Mar 27, 2011 12:35 am
Re: Calculation Confirmation of the Solar Panel Power in the DC Lighting System
The "other" calculation is certainly wrong. You can't multiply 5A @ 24V by 34V to arrive at a sane wattage. The way to do that part would be 5A * 24V = x * 34V, and so x = 5A * 24V / 34V = 3.529A. 3.529A * 34V = 120W, not 170W. And 120W / 0.8 = 150W, which is what you got.

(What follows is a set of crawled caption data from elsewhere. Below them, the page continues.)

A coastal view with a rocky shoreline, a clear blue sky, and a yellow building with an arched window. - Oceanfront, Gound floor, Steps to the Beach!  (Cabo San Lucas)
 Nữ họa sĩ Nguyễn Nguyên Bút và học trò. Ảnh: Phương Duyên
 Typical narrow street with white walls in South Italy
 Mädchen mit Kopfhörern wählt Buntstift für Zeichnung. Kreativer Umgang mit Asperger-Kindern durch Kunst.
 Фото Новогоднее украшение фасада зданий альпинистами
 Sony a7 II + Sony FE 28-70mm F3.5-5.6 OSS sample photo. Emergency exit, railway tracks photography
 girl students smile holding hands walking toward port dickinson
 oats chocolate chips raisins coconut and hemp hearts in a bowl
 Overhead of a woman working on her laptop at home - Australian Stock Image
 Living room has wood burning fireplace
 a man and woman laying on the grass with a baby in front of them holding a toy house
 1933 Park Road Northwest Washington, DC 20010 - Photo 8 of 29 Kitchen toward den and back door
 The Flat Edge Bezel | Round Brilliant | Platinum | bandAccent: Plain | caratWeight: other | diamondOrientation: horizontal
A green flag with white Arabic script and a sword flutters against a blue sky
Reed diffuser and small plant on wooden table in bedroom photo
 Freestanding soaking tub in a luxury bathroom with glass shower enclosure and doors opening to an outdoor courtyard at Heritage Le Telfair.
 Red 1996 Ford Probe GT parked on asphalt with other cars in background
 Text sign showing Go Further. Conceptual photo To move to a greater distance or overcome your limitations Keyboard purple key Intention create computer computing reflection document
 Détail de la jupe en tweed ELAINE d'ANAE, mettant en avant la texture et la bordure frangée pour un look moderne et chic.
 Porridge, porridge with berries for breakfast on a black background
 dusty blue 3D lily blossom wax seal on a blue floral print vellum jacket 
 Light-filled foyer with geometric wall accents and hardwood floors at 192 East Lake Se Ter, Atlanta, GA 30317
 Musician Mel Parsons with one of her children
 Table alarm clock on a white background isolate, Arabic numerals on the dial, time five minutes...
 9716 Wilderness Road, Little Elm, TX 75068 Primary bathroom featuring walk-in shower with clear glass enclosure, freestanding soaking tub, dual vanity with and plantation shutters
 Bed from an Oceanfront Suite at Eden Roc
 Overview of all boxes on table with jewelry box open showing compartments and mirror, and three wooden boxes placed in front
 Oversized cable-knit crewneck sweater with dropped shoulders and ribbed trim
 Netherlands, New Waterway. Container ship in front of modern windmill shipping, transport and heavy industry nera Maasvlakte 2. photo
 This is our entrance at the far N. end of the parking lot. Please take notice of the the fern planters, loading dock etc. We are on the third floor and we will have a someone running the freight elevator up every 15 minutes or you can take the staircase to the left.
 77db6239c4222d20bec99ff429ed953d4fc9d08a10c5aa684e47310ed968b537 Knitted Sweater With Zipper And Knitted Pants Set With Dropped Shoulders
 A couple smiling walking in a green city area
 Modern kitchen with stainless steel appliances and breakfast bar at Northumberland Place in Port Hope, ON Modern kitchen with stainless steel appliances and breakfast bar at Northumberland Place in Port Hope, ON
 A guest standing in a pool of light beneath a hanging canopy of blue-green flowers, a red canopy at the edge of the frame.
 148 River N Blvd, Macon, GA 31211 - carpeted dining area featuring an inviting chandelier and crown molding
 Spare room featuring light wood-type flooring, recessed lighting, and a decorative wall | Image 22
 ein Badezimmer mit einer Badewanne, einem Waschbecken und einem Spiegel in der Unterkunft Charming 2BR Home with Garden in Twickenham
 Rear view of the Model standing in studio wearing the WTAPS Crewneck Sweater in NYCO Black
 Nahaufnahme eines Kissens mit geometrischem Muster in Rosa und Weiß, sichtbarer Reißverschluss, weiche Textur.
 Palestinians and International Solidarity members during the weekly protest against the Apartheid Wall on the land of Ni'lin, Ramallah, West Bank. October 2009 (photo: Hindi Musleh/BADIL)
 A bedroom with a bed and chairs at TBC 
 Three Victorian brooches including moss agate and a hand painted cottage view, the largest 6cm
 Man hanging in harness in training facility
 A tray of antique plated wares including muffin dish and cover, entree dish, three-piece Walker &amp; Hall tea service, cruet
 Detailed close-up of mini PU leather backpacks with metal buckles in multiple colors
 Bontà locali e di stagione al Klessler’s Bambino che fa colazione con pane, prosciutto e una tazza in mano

But anyway, you had the right idea. Don't convert to amps first, as that will throw you off completely. You got it right the way you did it and it was obviously simpler and easier to understand.
48W x 10h = 480 Wh
480Wh / 0.8 = 600Wh
600Wh / 4h = 150W
That's all correct. But that assumes that the combined efficiencies of both the load and the supply is 80%. In my experience, that's not enough. I would assume no more than 80% efficiency from the solar panels. And also assume at least 10% inefficiency (90% efficiency) in the rated consumption of the load due to losses in the wiring, conversions, battery charging, etc. You can of course directly measure the load and see if that's the case or not. If 48W is what it actually consumes, even after all of the losses, then a 150W panel will be sufficient. If it turns out that the load consumes 53W on average, then you should account for that. To be safe, I would.
150W / 0.9 = 167W, which probably means a 170W panel
This will protect you in case you don't get exactly 4 hours of sunlight as well. It's always better to oversize slightly.
BTW, where are you getting panels rated at 34V? In my experience, they are rated at 12, 24, or maybe 48V.